▶ Listed entries
BEGIN

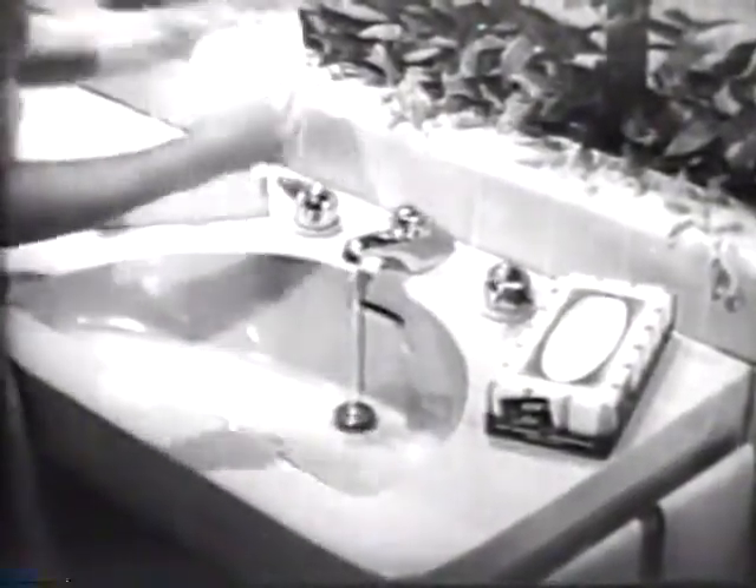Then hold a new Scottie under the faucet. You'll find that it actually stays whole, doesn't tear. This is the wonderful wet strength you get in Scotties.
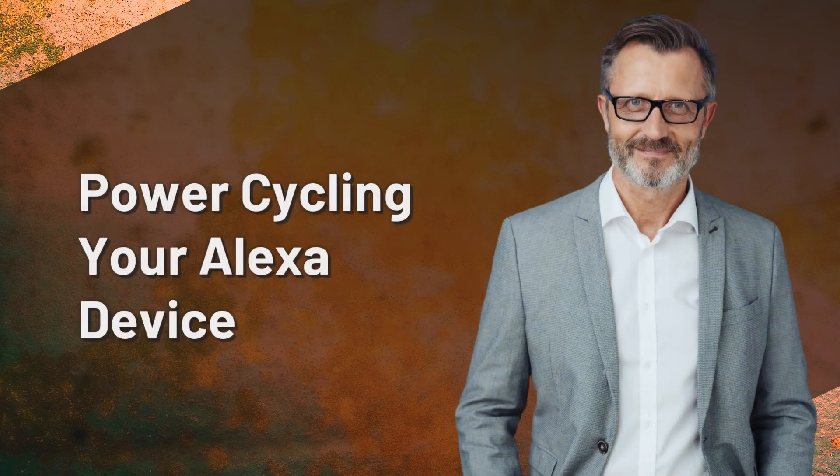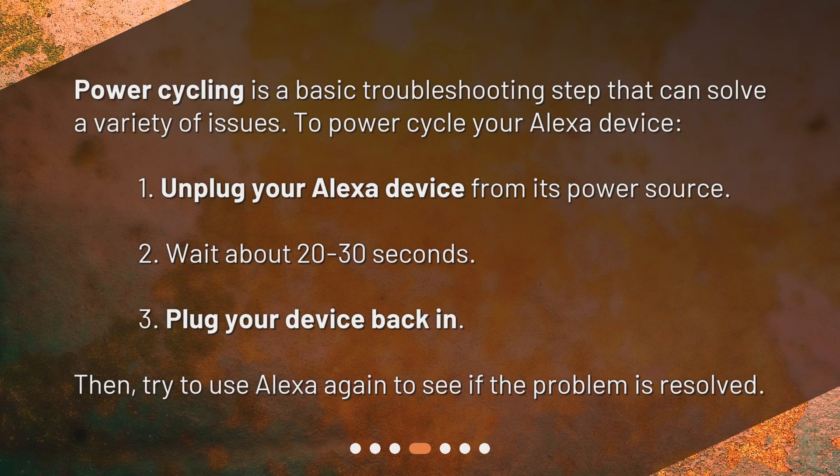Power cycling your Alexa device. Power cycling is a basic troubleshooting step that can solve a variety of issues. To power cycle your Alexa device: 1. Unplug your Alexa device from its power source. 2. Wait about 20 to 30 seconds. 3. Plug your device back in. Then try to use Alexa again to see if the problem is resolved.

END
BEGIN

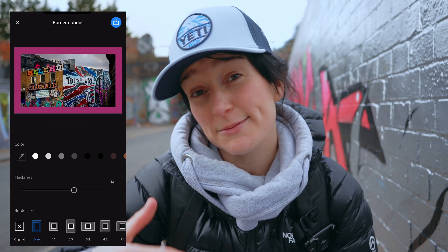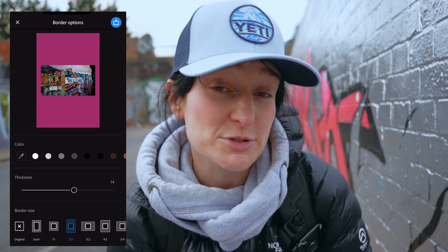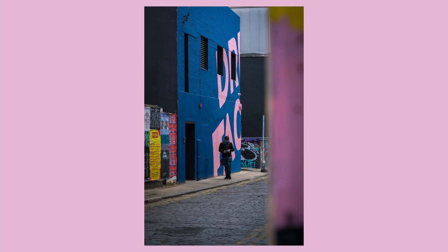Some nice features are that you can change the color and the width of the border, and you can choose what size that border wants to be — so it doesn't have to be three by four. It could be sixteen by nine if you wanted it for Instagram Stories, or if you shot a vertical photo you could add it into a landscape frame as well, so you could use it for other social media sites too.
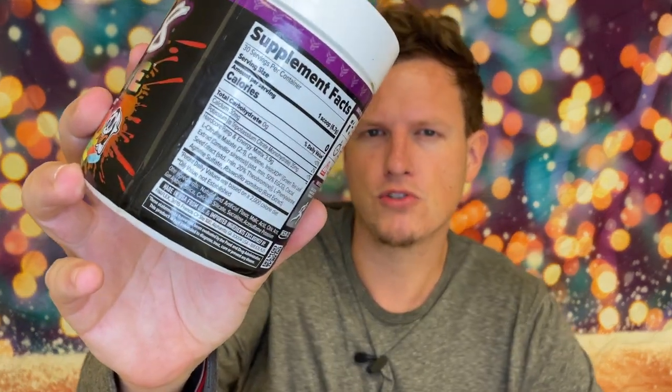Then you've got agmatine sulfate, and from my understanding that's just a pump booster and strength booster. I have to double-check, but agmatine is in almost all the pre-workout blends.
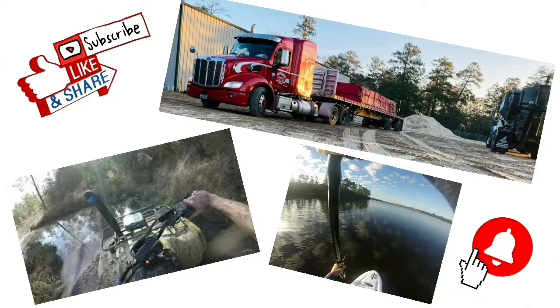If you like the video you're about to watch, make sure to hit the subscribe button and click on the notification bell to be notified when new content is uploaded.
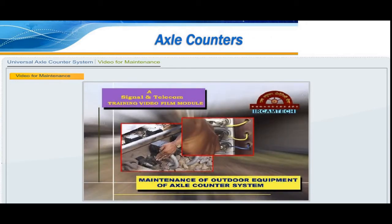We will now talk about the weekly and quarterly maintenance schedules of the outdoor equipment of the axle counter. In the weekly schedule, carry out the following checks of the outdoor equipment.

END
BEGIN

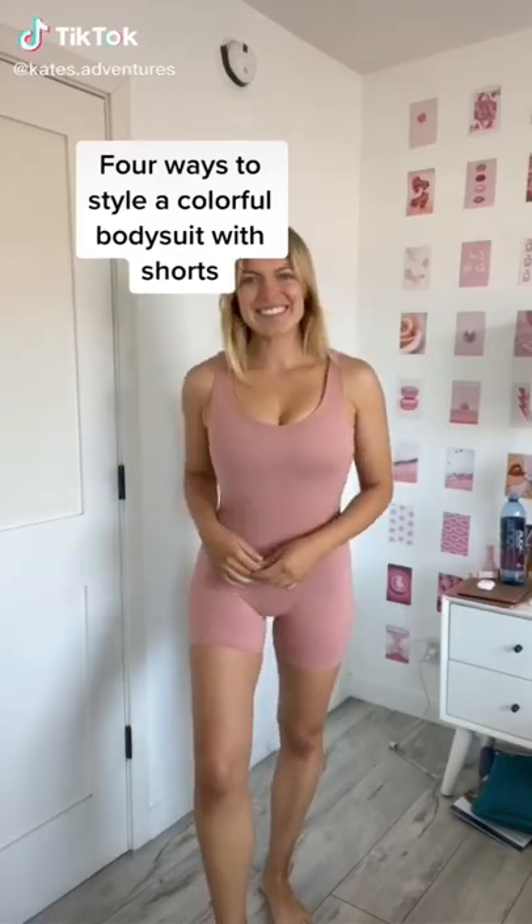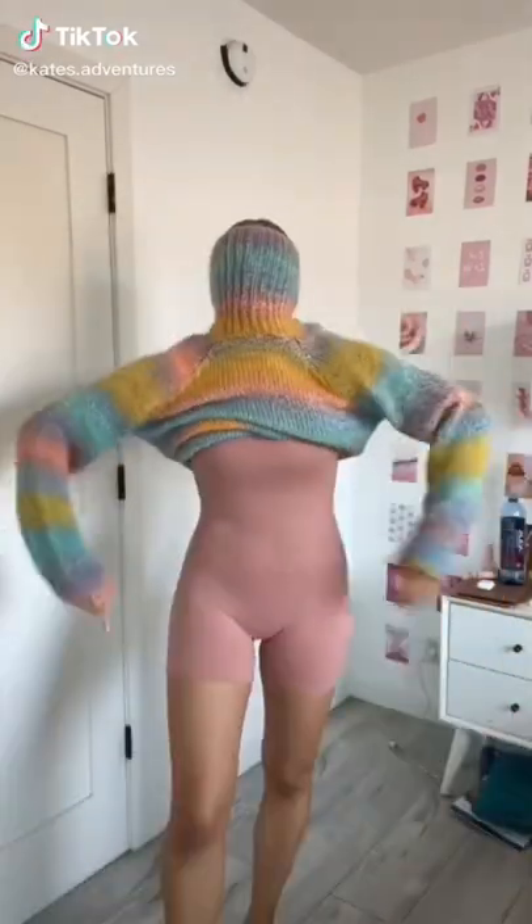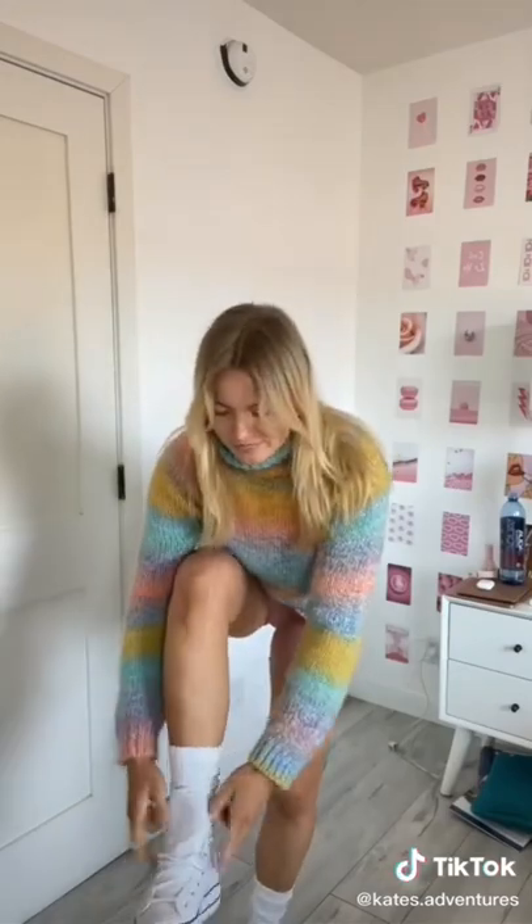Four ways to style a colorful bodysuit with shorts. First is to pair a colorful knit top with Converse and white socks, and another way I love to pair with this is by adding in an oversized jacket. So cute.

END

▶ Instructions for the task
The result should be an exact copy of only the lines above from the one that holds "Then hold a" through the one that holds "Power cycling your", both ends included, without pictures.

▶ Result
Then hold a new Scottie under the faucet. You'll find that it actually stays whole, doesn't tear. This is the wonderful wet strength you get in Scotties.
Power cycling your Alexa device. Power cycling is a basic troubleshooting step that can solve a variety of issues. To power cycle your Alexa device: 1. Unplug your Alexa device from its power source. 2. Wait about 20 to 30 seconds. 3. Plug your device back in. Then try to use Alexa again to see if the problem is resolved.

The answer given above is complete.